* **Exercise aim**: Copy out exactly, from the entries that follow, the line holding "8PCS Black No", the line holding "Outdoor-Sofagarnitur 6 stk.", and all lines between them, but no pictures.

Data entries:
........

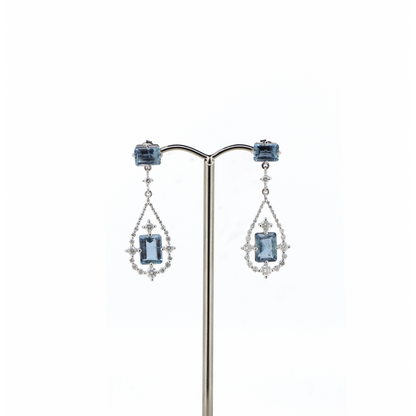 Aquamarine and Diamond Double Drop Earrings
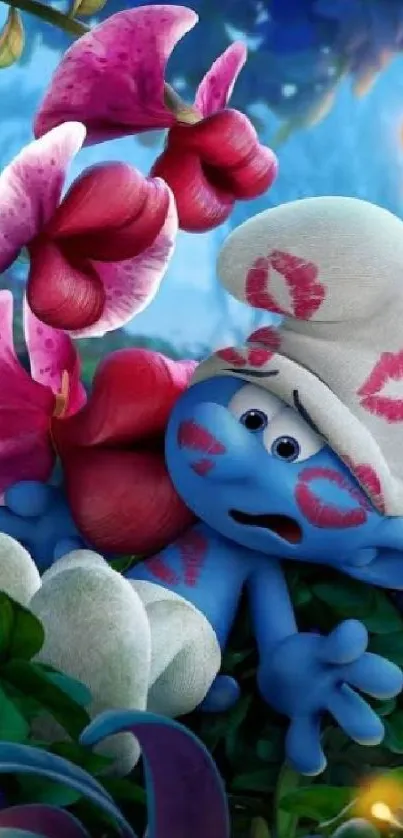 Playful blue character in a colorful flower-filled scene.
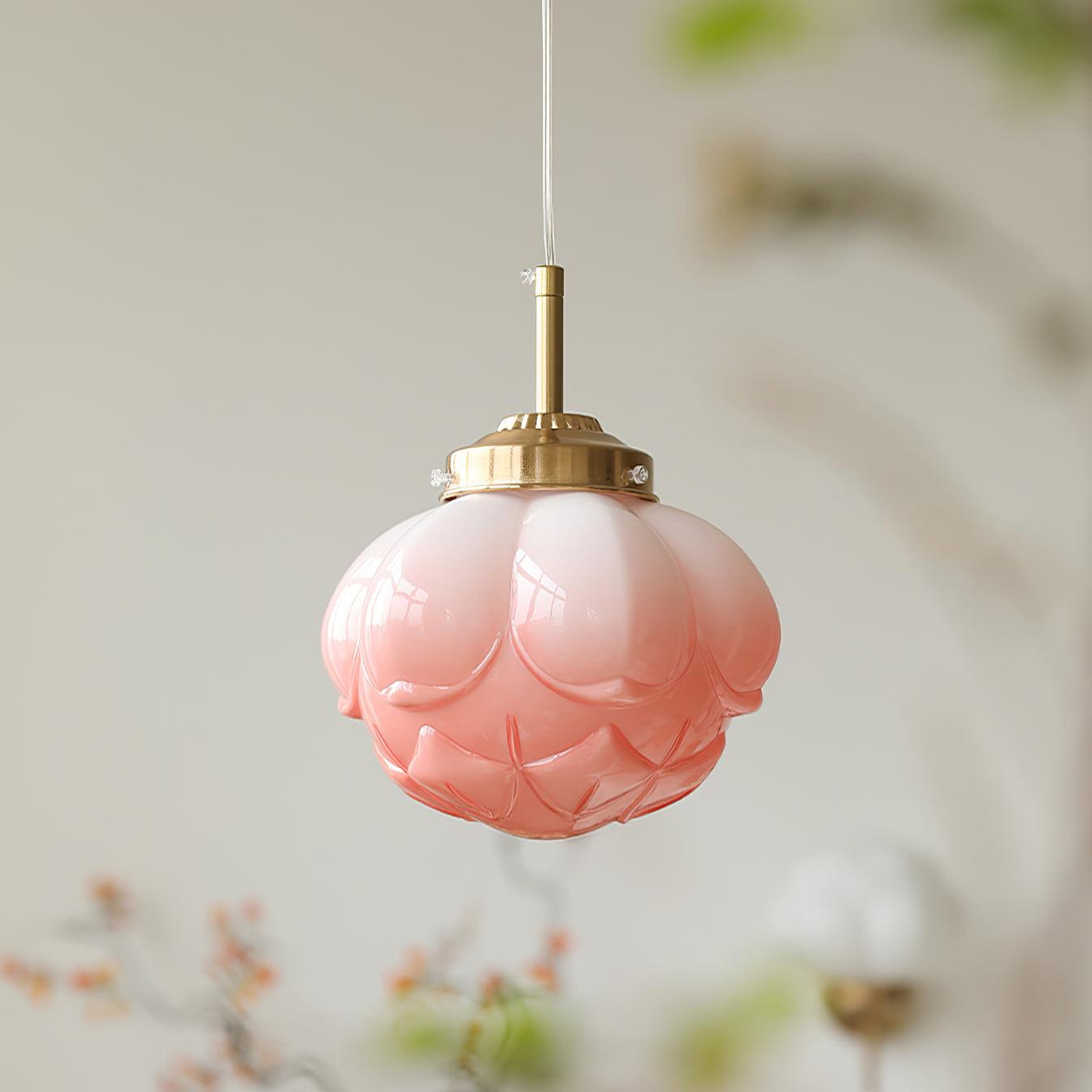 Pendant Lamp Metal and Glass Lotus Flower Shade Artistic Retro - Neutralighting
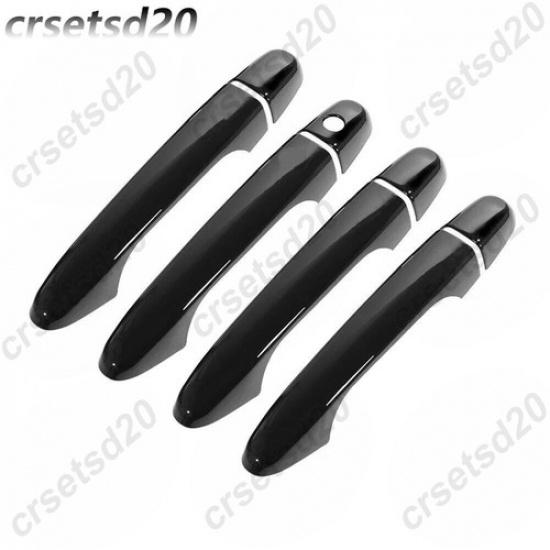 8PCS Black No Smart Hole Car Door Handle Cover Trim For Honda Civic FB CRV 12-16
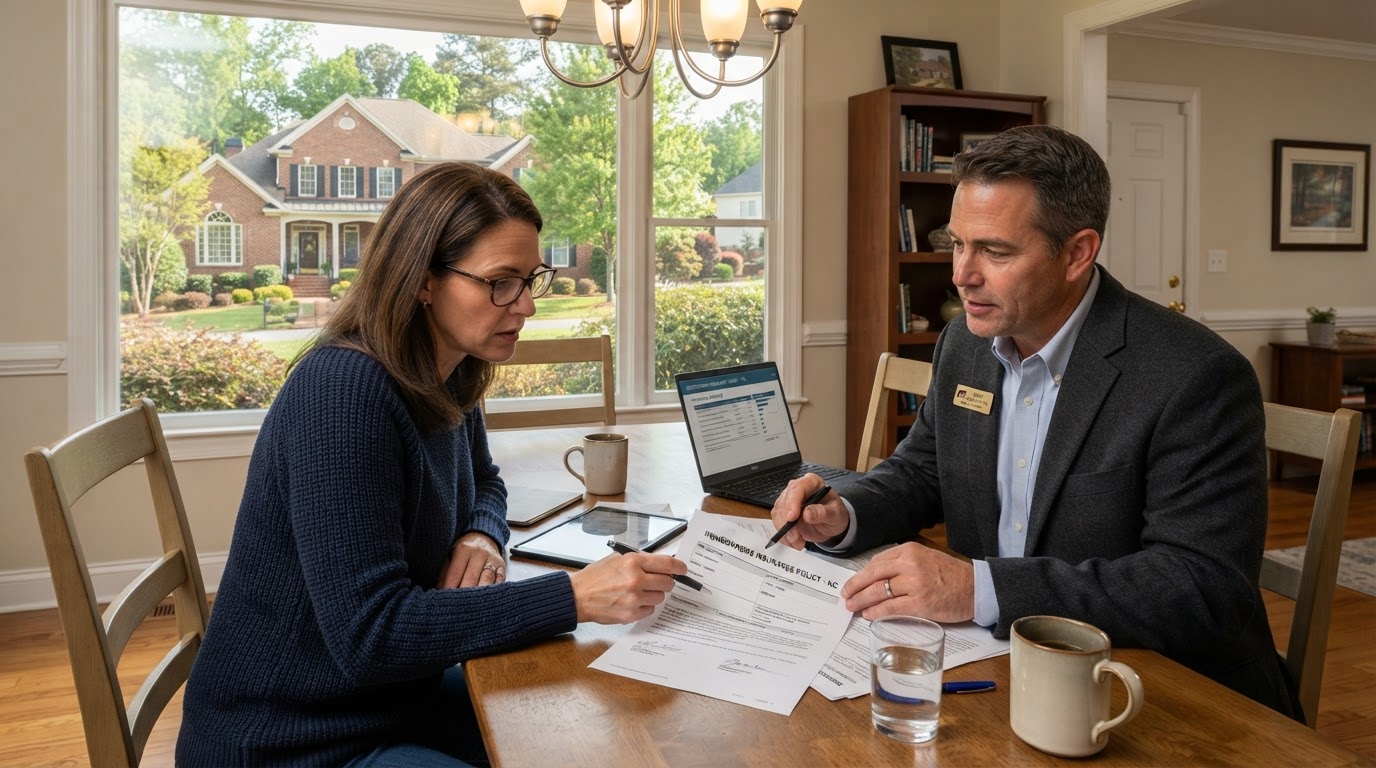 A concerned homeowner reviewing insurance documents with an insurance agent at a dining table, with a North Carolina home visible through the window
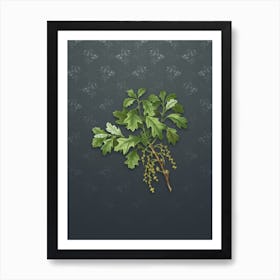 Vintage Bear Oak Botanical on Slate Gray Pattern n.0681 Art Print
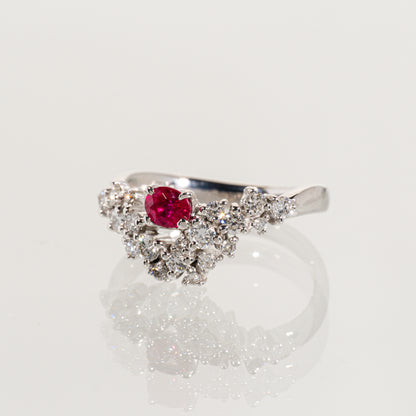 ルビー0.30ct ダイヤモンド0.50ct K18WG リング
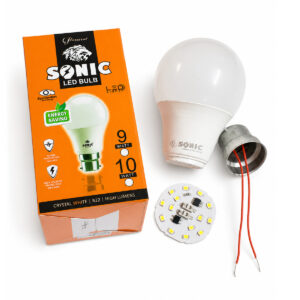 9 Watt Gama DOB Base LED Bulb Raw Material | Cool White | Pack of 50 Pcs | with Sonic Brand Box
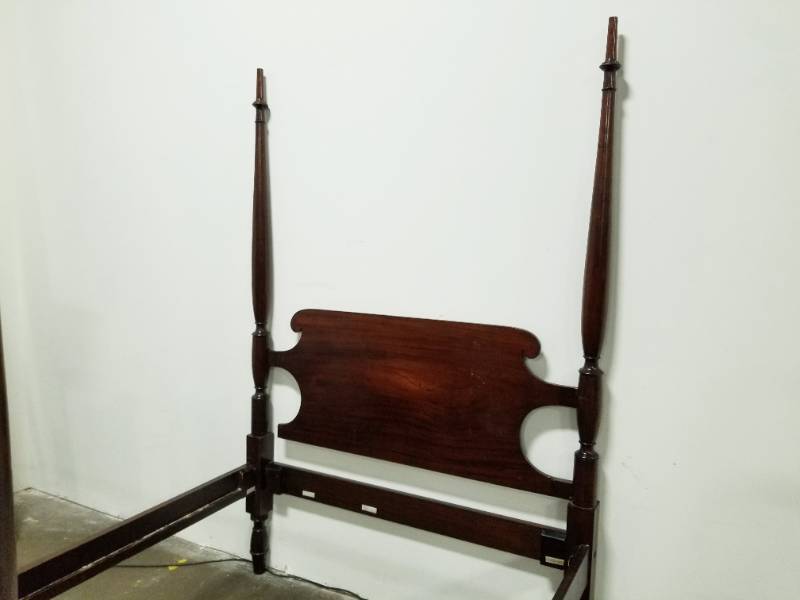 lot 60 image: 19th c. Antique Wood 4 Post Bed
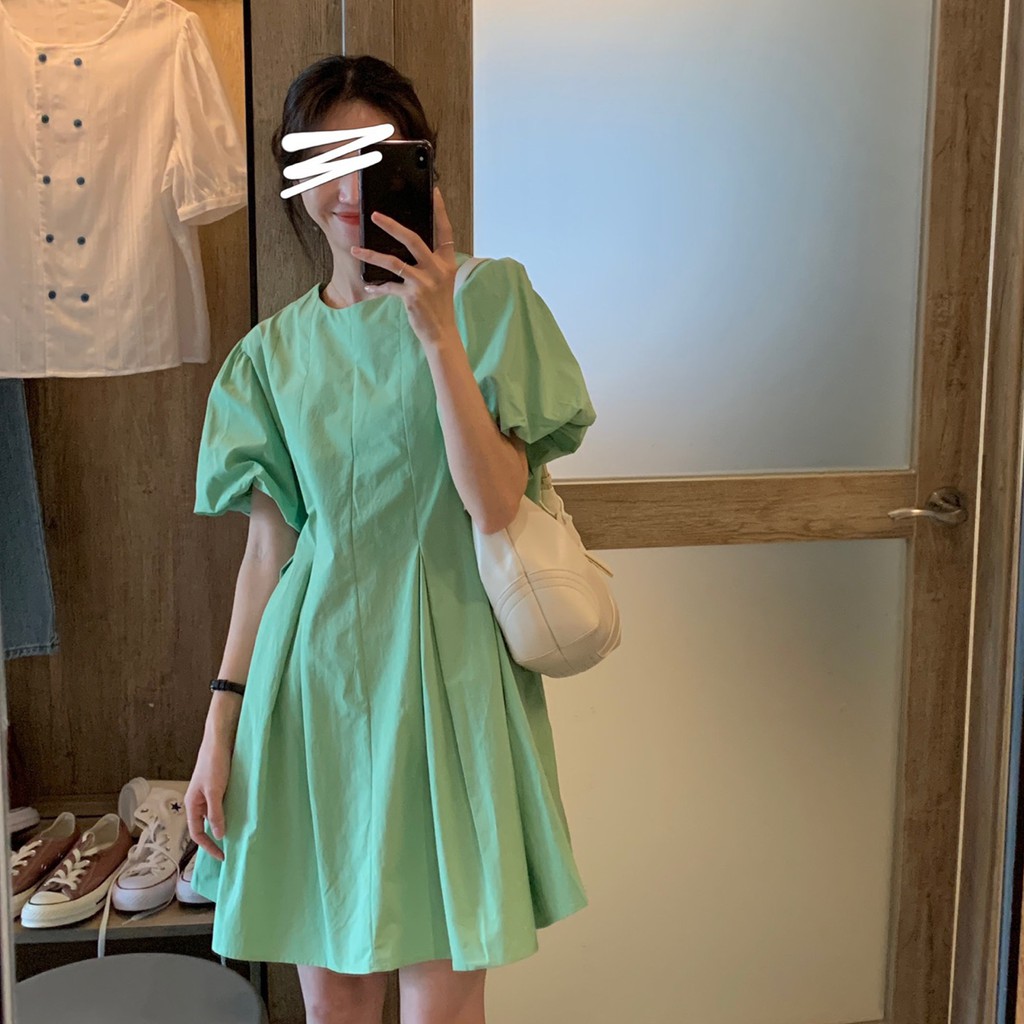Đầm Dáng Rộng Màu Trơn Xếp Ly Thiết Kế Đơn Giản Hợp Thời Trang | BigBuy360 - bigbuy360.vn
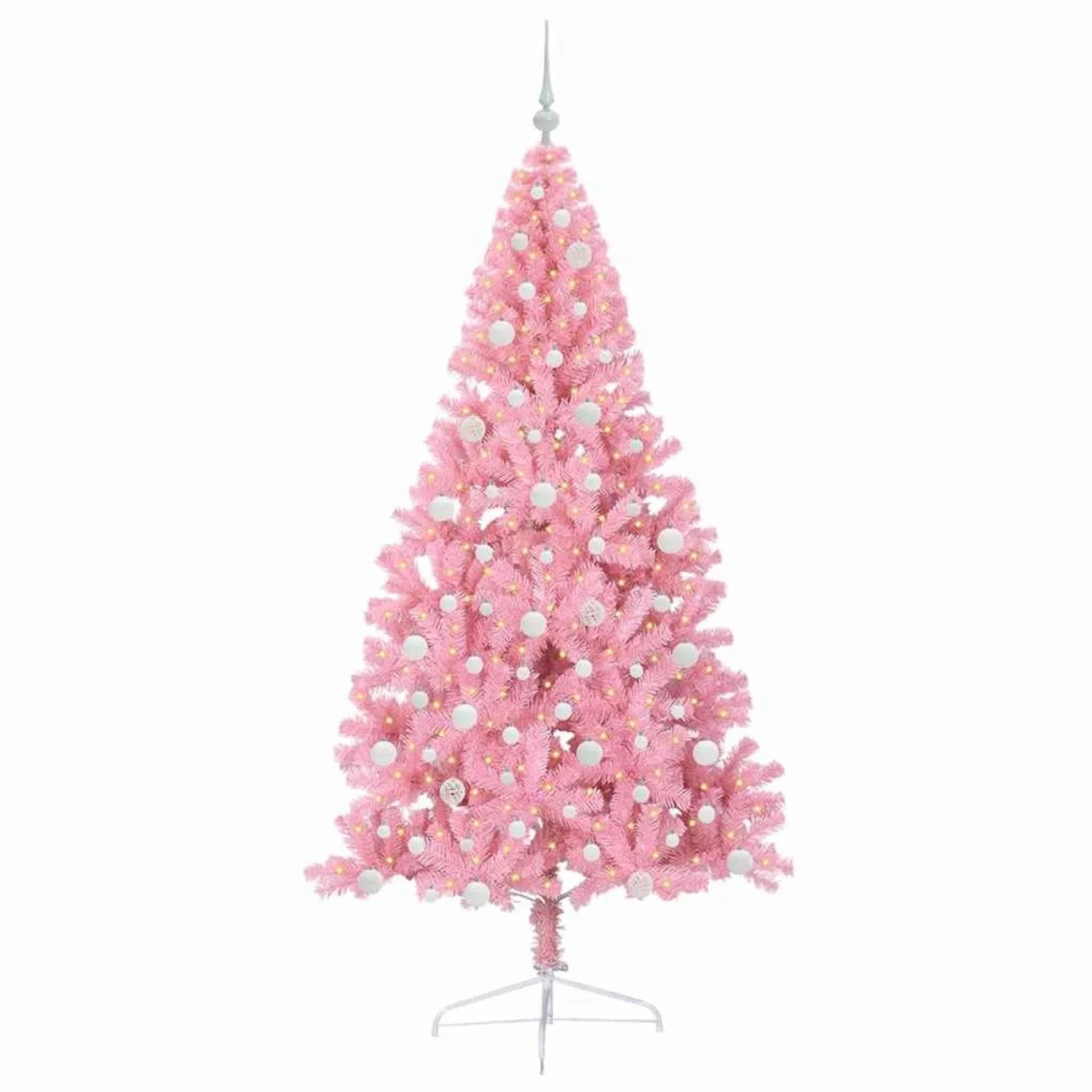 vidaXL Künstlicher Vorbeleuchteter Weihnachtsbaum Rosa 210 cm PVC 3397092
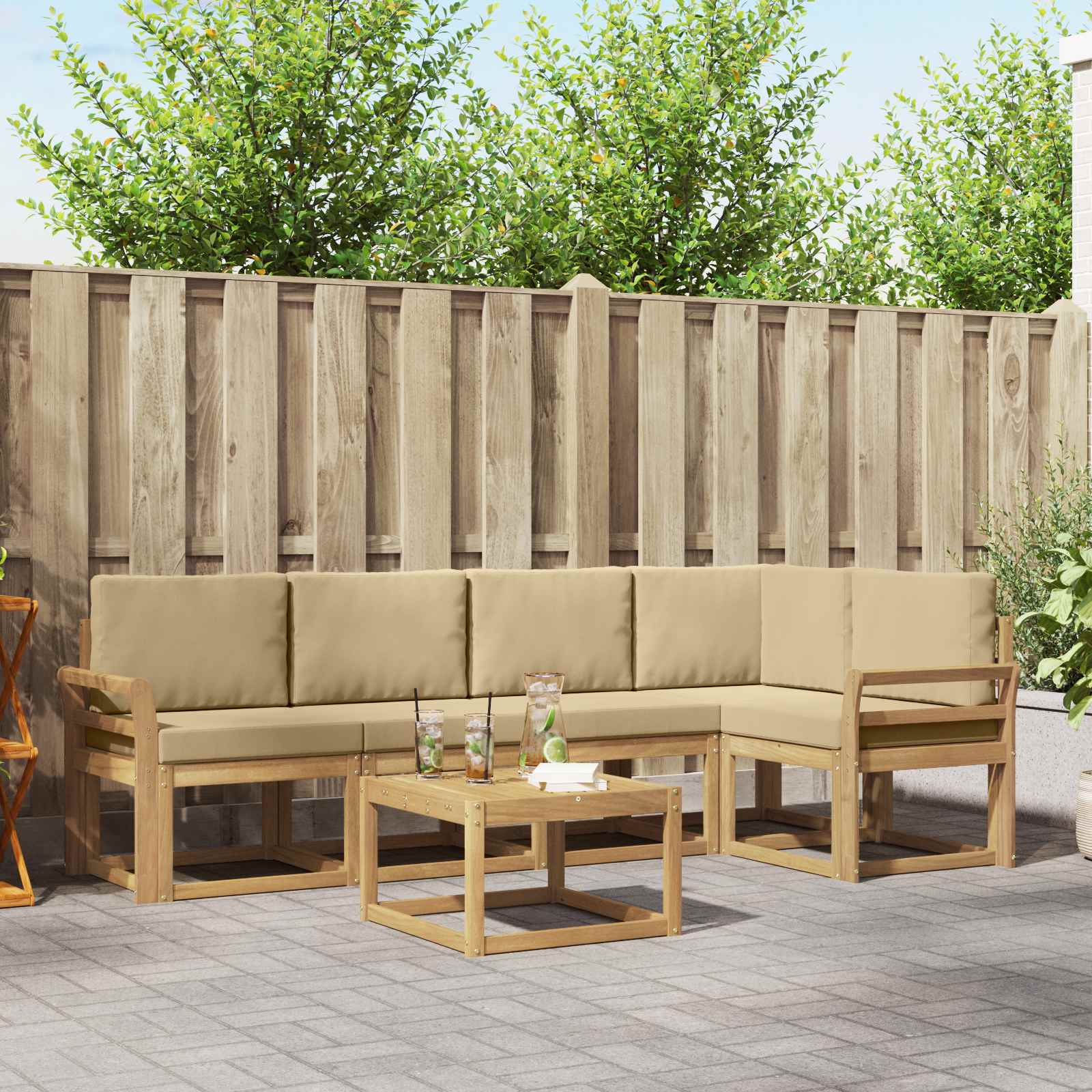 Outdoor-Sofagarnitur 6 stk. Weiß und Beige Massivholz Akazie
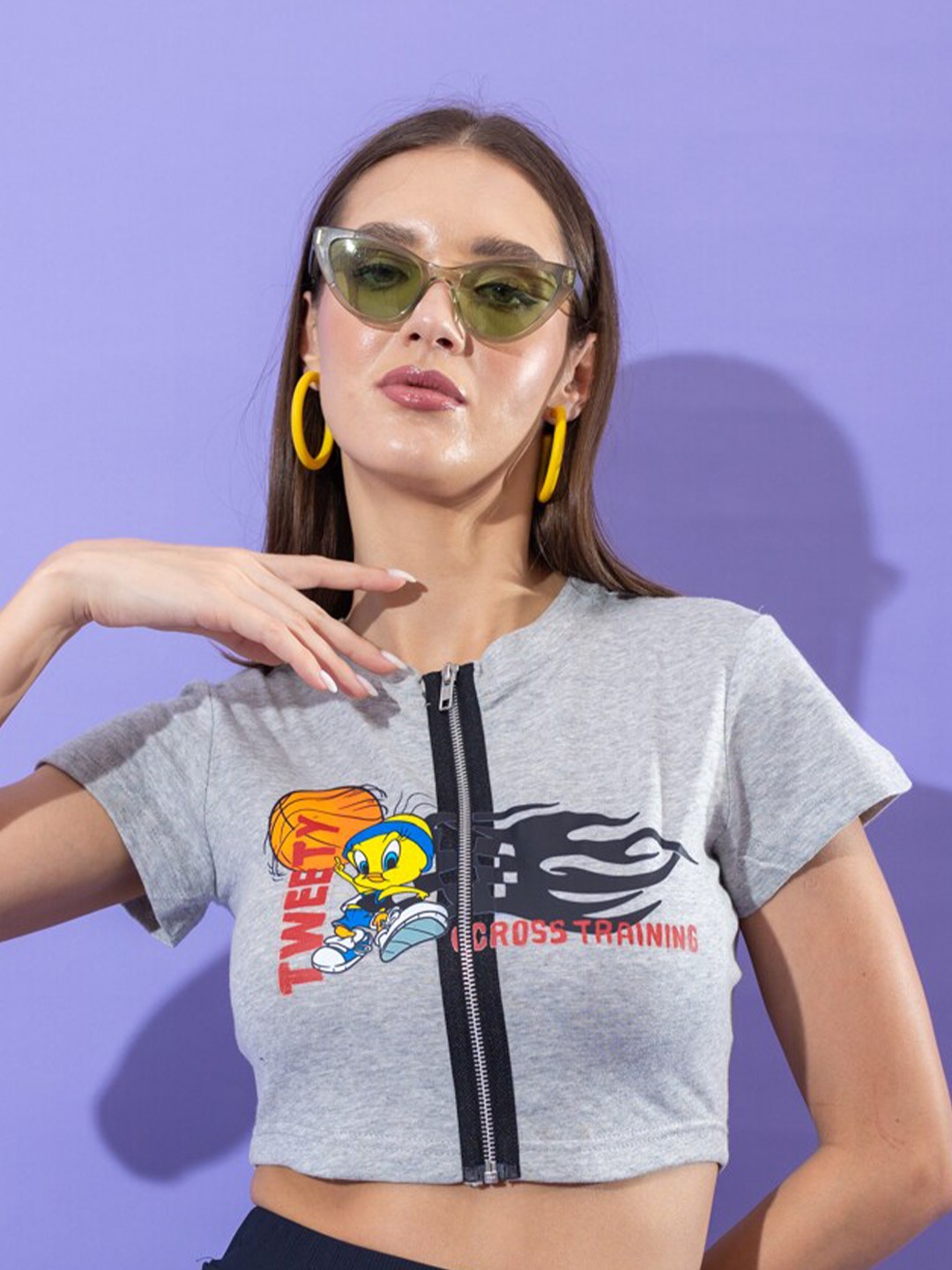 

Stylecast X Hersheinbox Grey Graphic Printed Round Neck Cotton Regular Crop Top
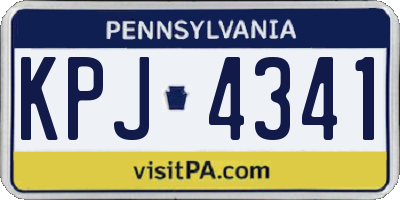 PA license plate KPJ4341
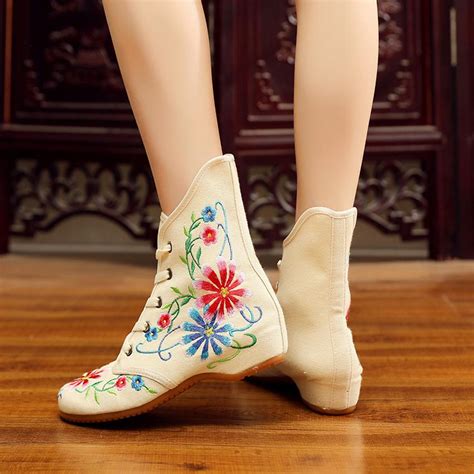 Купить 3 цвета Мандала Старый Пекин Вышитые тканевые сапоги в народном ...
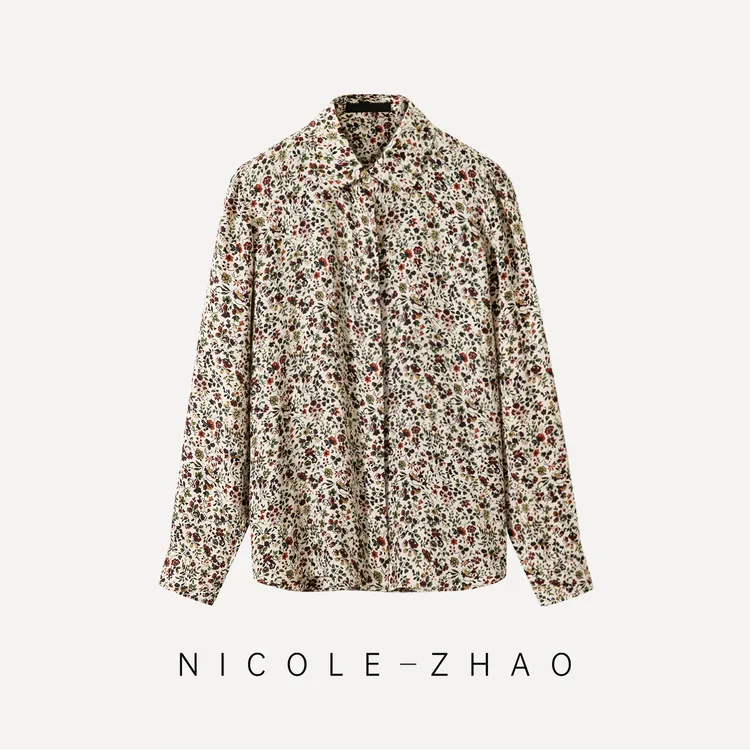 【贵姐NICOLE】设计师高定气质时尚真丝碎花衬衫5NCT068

........

* **Final answer**:
 8PCS Black No Smart Hole Car Door Handle Cover Trim For Honda Civic FB CRV 12-16
 A concerned homeowner reviewing insurance documents with an insurance agent at a dining table, with a North Carolina home visible through the window
 Vintage Bear Oak Botanical on Slate Gray Pattern n.0681 Art Print
 ルビー0.30ct ダイヤモンド0.50ct K18WG リング
 9 Watt Gama DOB Base LED Bulb Raw Material | Cool White | Pack of 50 Pcs | with Sonic Brand Box
 lot 60 image: 19th c. Antique Wood 4 Post Bed
Đầm Dáng Rộng Màu Trơn Xếp Ly Thiết Kế Đơn Giản Hợp Thời Trang | BigBuy360 - bigbuy360.vn
 vidaXL Künstlicher Vorbeleuchteter Weihnachtsbaum Rosa 210 cm PVC 3397092
 Outdoor-Sofagarnitur 6 stk. Weiß und Beige Massivholz Akazie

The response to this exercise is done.